India, which imports a large part of its oil needs, is particularly vulnerable to rising crude. Higher oil prices can push up inflation, weaken the rupee and hit corporate margins, putting pressure across sectors.
The latest escalation in the Middle East after Israel struck a key LNG facility in Iran has amplified these concerns, with investors worried that crude could remain elevated if tensions persist.
HDFC BANK ADDS TO MARKET NERVES
Banking stocks led the decline, with HDFC Bank emerging as a key drag on the indices.
The stock fell over 5% to around Rs 800 after part-time chairman Atanu Chakraborty resigned, citing “certain happenings and practices” within the bank that were “not in congruence with my personal values and ethics”.
The sharper fall in HDFC Bank compared to peers indicates a mix of stock-specific pressure and broader market weakness, adding to the overall negative sentiment.
Other banking stocks such as Axis Bank, ICICI Bank and State Bank of India also traded lower, weighing on benchmark indices.
BROAD-BASED SELL-OFF ACROSS SECTORS
The weakness was visible across the market, pointing to a broad-based sell-off rather than a sector-specific move.
Larsen and Toubro dropped over 3%, while Bajaj Finance and Shriram Finance saw sharp declines. IT stocks such as Infosys, TCS and Wipro remained under pressure amid weak global cues.
Aviation stock IndiGo fell over 3% as rising fuel costs threaten margins, highlighting the immediate impact of higher crude prices. Even defensive names such as ITC and Hindustan Unilever traded lower, though declines were relatively limited.
Coal India was among the few stocks showing resilience, supported by higher energy prices.
MARKETS MAY STAY VOLATILE
VK Vijayakumar, Chief Investment Strategist at Geojit Investments, said the uncertainty around the conflict has intensified following the latest developments, pushing Brent crude to $111 per barrel.

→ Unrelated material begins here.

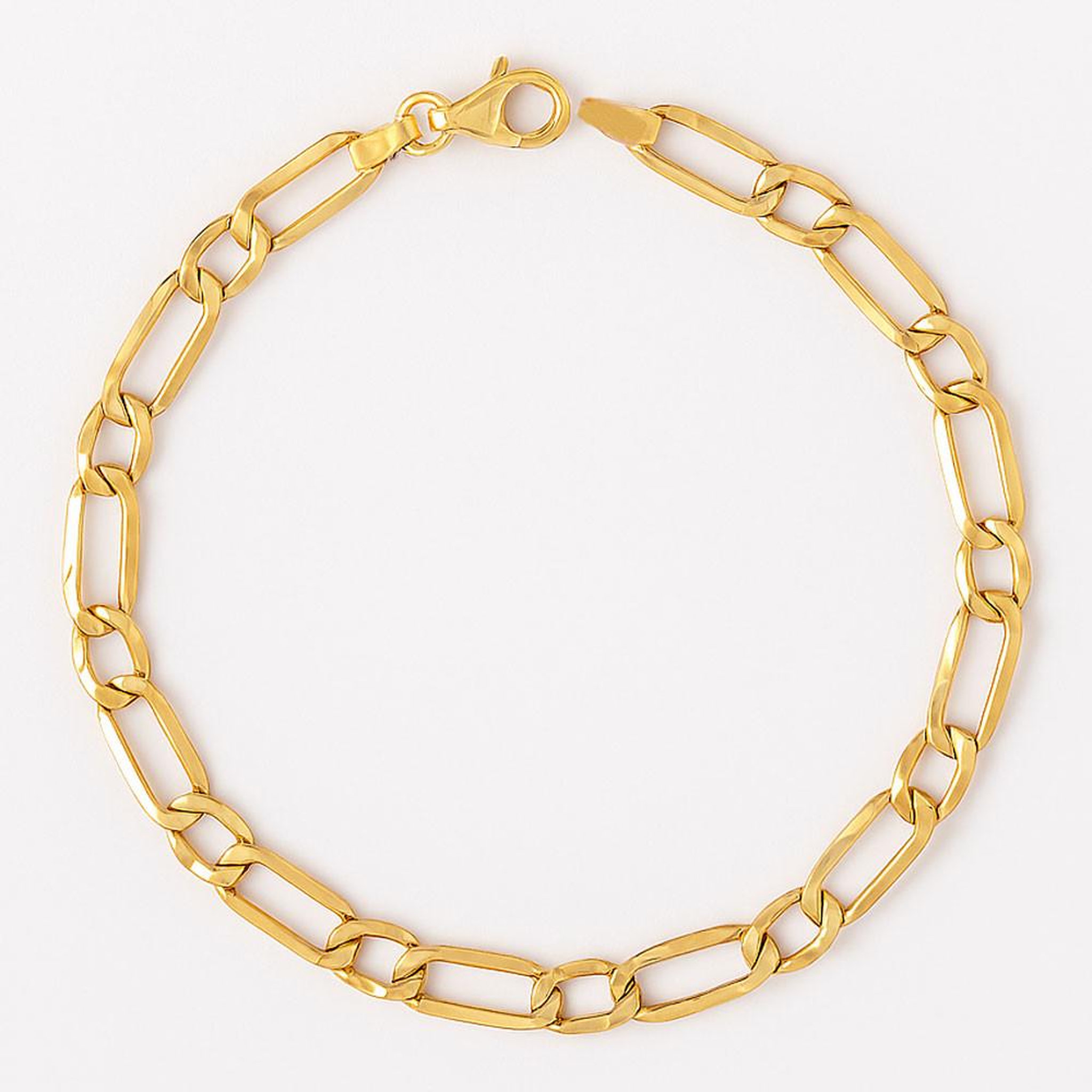 L'ATELIER D'AZUR Bracelet Or Jaune Maille Figaro Alternée 1+1 - Homme 21 cm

“This is bad news for oil and gas importers like India. If Brent remains above $110 for an extended period, it will have negative implications for India’s macroeconomic indicators, including GDP growth and corporate earnings,” he said.
He added that markets are likely to remain volatile in response to developments on the war front and movements in crude prices, and the recent recovery could be wiped out if tensions escalate further. However, he noted that a sudden de-escalation cannot be ruled out, which could lead to a sharp correction in crude prices and provide relief to markets.

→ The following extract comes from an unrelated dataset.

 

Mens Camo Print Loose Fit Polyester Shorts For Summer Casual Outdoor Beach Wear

Global cues have added to the cautious sentiment. The US Federal Reserve has kept interest rates unchanged while signalling a cautious stance, keeping global liquidity tight and reducing the appeal of emerging markets like India.
Fund manager Nachiketa Sawrikar said rising inflation pressures and signs of a softening labour market in the US complicate the outlook for monetary easing. Elevated oil prices, combined with a strong dollar, are already exerting pressure on emerging markets.
Foreign institutional investors are believed to be trimming positions amid the uncertainty, leading to sharp declines in Indian equities. The recent rally in domestic markets now appears to have been fragile and sentiment-driven.
WHAT INVESTORS SHOULD WATCH?
Going ahead, the trajectory of crude oil prices and developments in the Middle East will remain the biggest triggers for the market.
If tensions persist and crude stays elevated, markets could remain under pressure. However, any signs of de-escalation could trigger a sharp rebound, given the current fall is largely driven by global cues and sentiment.